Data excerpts
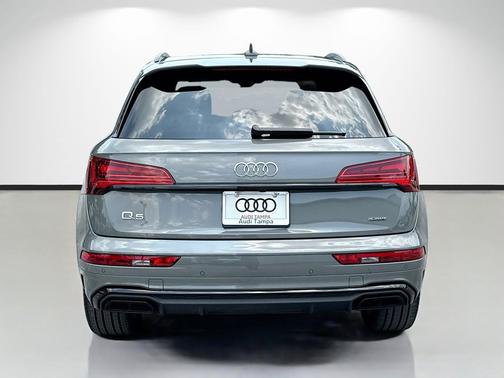 Gray Metallic 2025 Audi Q5 45 S line Premium
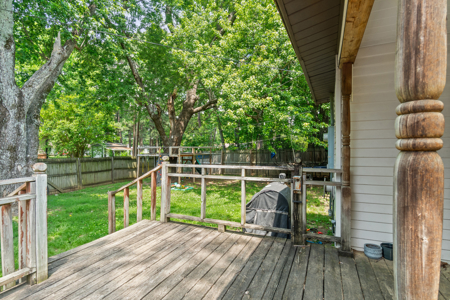Three Bedroom Home For Sale Located in heart of Searcy, AR - image 3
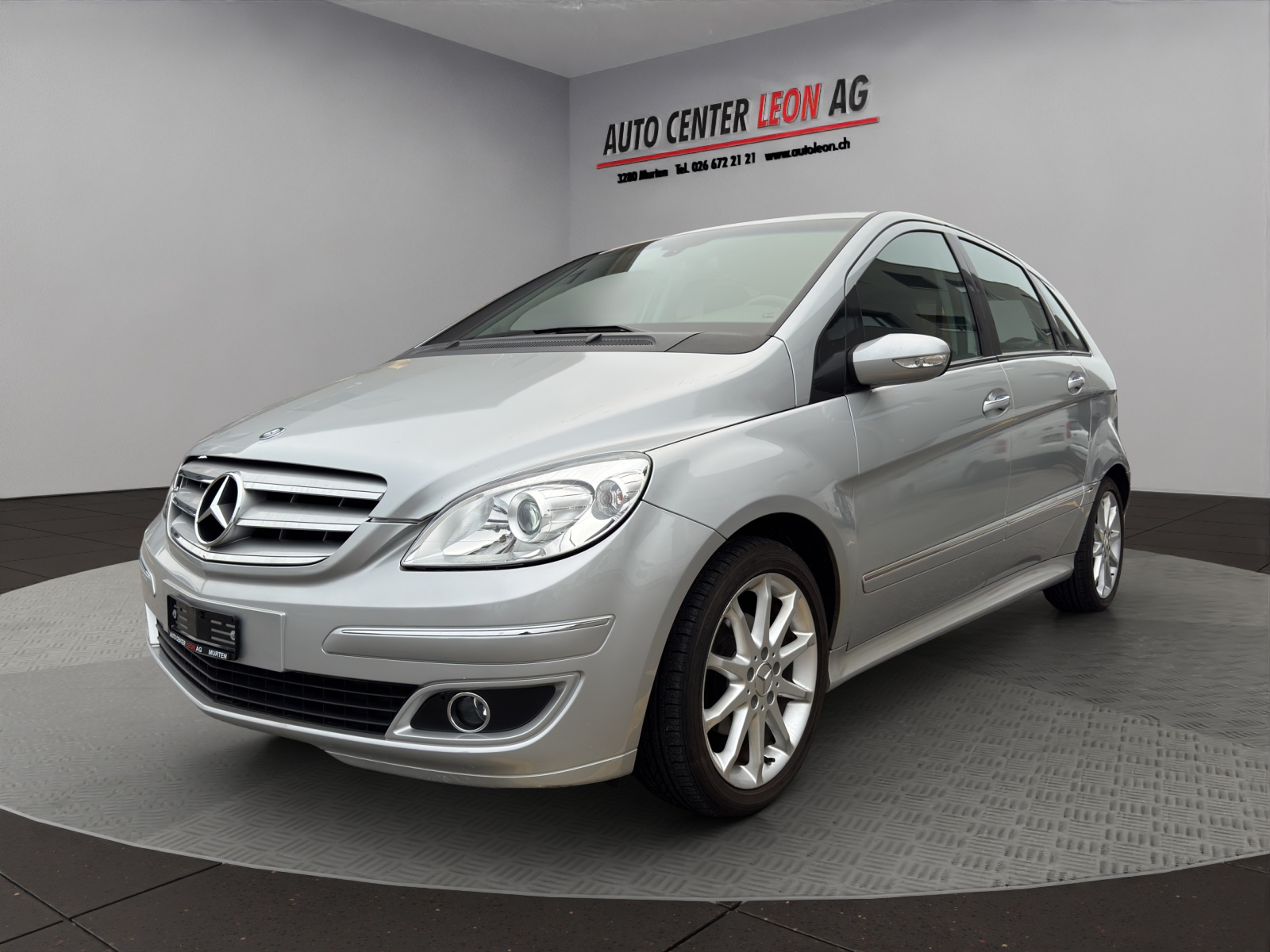 MERCEDES-BENZ B 170-showroom-element-1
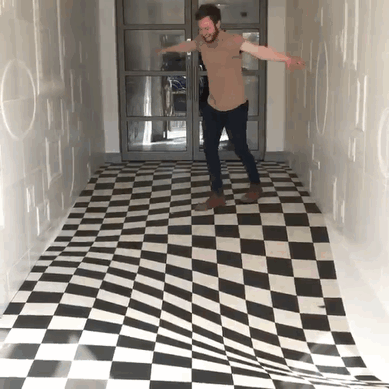 Đỉnh cao sáng tạo: dùng ảo ảnh để ngăn người ta chạy trong hành lang - Ảnh 3.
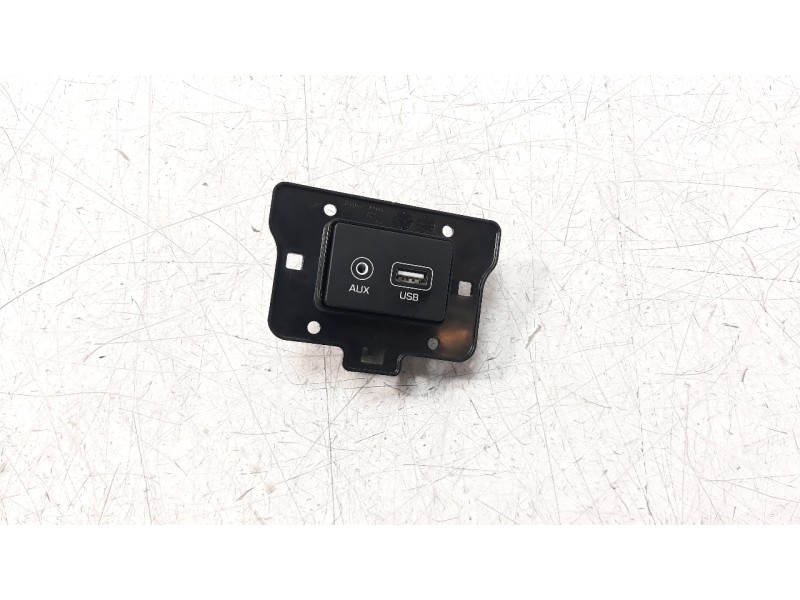 Recambio de modulo electronico para hyundai kona 1.0 tgdi cat referencia OEM IAM 96120J9500  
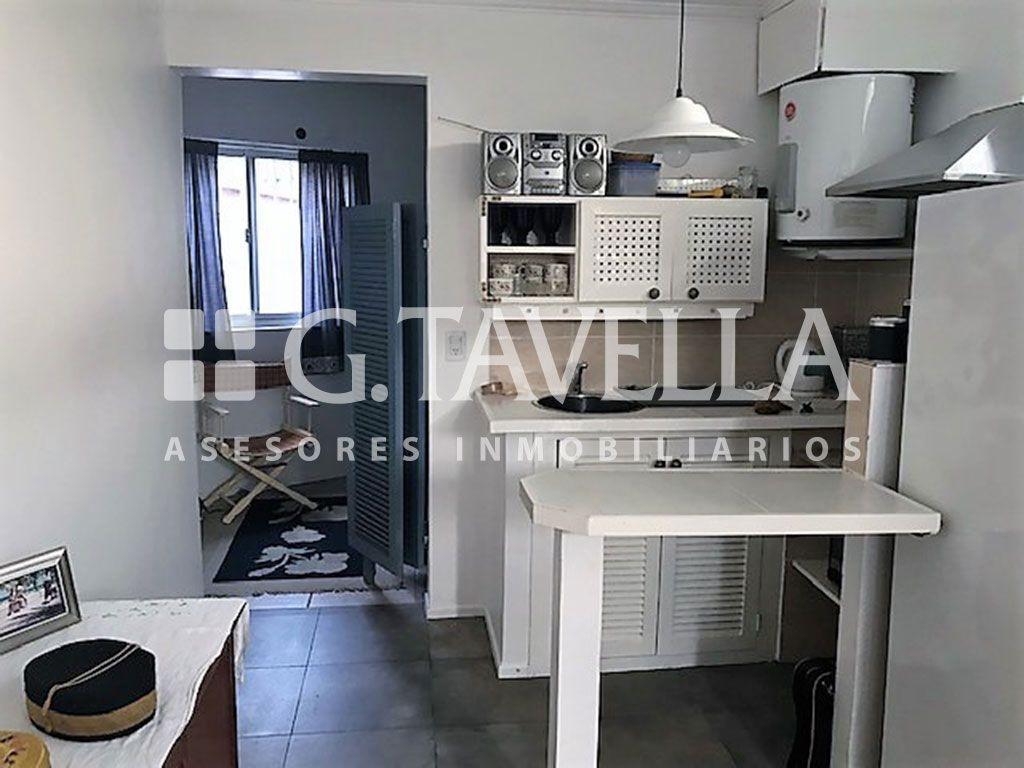 Foto de Venta CASA 3 Amb. Parque mas dos Deptos. en Ituzaingó, imagen 4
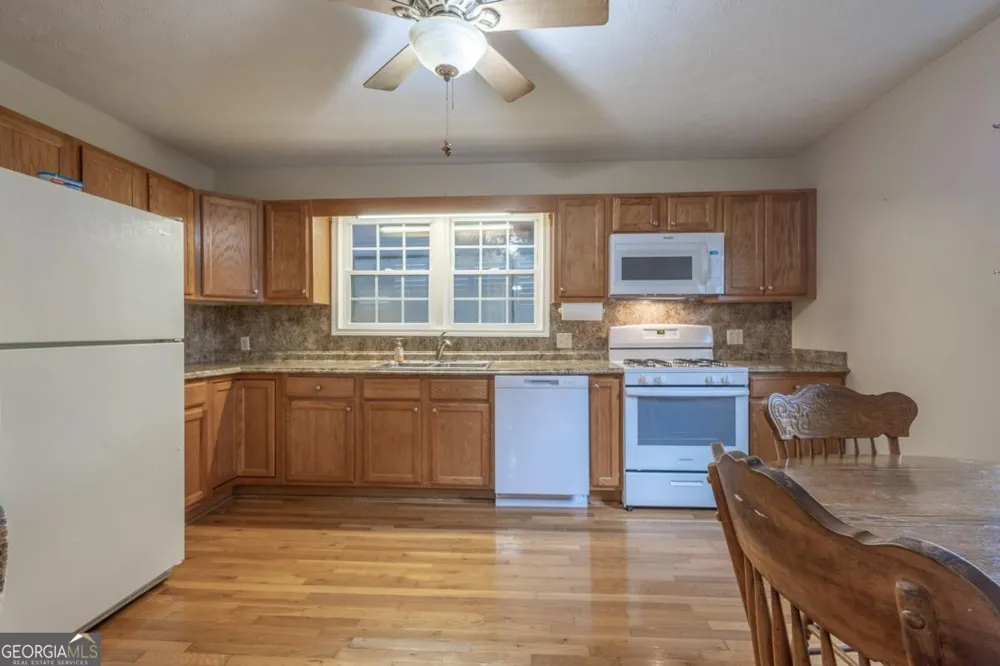 1953 Tyus Carrollton RD Carrollton, GA 30117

### Requirement
Only the text of the records belongs in the answer, printed exactly and without pictures.

### Response below
 Gray Metallic 2025 Audi Q5 45 S line Premium
Three Bedroom Home For Sale Located in heart of Searcy, AR - image 3
 MERCEDES-BENZ B 170-showroom-element-1
 Đỉnh cao sáng tạo: dùng ảo ảnh để ngăn người ta chạy trong hành lang - Ảnh 3.
 Recambio de modulo electronico para hyundai kona 1.0 tgdi cat referencia OEM IAM 96120J9500  
 Foto de Venta CASA 3 Amb. Parque mas dos Deptos. en Ituzaingó, imagen 4
 1953 Tyus Carrollton RD Carrollton, GA 30117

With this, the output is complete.